Dataset:
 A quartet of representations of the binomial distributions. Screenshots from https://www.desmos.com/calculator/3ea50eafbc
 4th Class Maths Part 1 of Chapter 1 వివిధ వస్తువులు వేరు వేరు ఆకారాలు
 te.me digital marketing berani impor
* * *
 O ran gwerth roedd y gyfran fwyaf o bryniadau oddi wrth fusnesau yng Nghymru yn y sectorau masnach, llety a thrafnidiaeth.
...
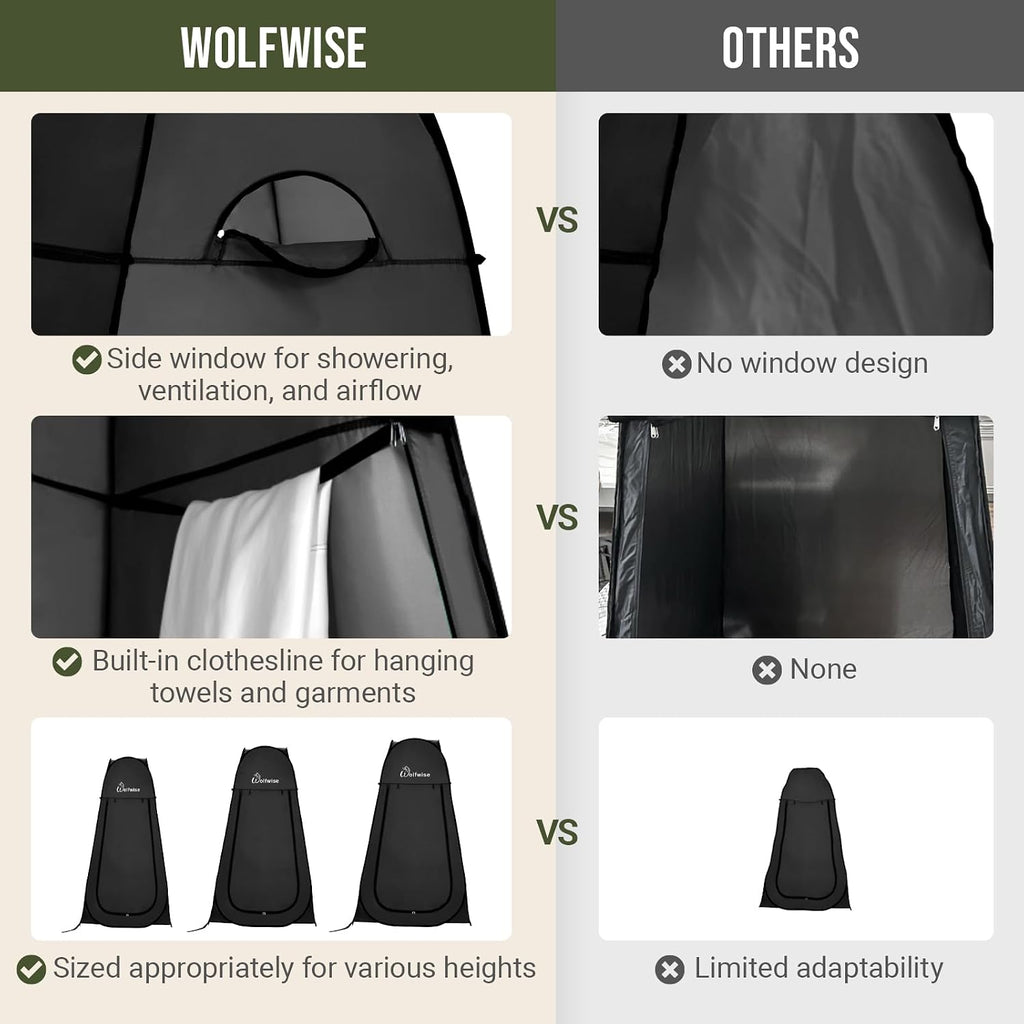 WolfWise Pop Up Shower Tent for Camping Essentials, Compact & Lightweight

Task to carry out:
Repeat the entries above verbatim, but only from the line that has "A quartet of" down to the line that has "te.me digital marketing berani impor", inclusive.

Solution for this exercise:
 A quartet of representations of the binomial distributions. Screenshots from https://www.desmos.com/calculator/3ea50eafbc
 4th Class Maths Part 1 of Chapter 1 వివిధ వస్తువులు వేరు వేరు ఆకారాలు
 te.me digital marketing berani impor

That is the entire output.